…Превосходство было в сроках: если за колосками отправлялась для храбрости не одна девка, а три (“организованная шайка”), за огурцами или яблоками — несколько двенадцатилетних пацанов, — они получали до двадцати лет лагерей; на заводе верхний срок был отодвинут до двадцати пяти (самый этот срок, четвертная, был введён за несколько дней перед тем, взамен гуманно отменяемой смертной казни)…
В ближайшие годы после Указа целые дивизии сельских и городских жителей были отправлены возделывать острова ГУЛАГа вместо вымерших там туземцев».
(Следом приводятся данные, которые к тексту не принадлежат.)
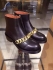 GIVENCHY LAURA LEATHER SILVER AND GOLD CHAIN ANKLE BOOTS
У читателя создаётся впечатление, что под сталинский пресс попадали исключительно мелкие несуны из рабоче-крестьянского люда. Традиционно для Солженицына полуправда здесь густо замешана на передёргивании, домыслах и вранье (чего стоит утверждение, будто за колосок осуждали «всё на десять лет»; мы уже убедились, что это не так). Разумеется, закручивание гаек привело к резкому увеличению сидельцев ГУЛАГа за счёт трудового населения, «бытовиков». Но в то же время указы больно ударили по профессиональному уголовному миру! Да, по первому указу («бытовому») сажали вдвое больше, чем по второму («воровскому»). Однако надо учитывать, что указ о хищении государственной, колхозной и кооперативной собственности активно применялся также в отношении уголовников, грабивших склады, магазины, товарные поезда и т. д. То есть первый указ не являлся чисто «бытовым», «уркаганская» составляющая была в нём чрезвычайно велика. Так что «бытовиков» и блатных, осуждённых по указам «два-два», оказывалось как минимум поровну. А возможно, количество последних было даже выше.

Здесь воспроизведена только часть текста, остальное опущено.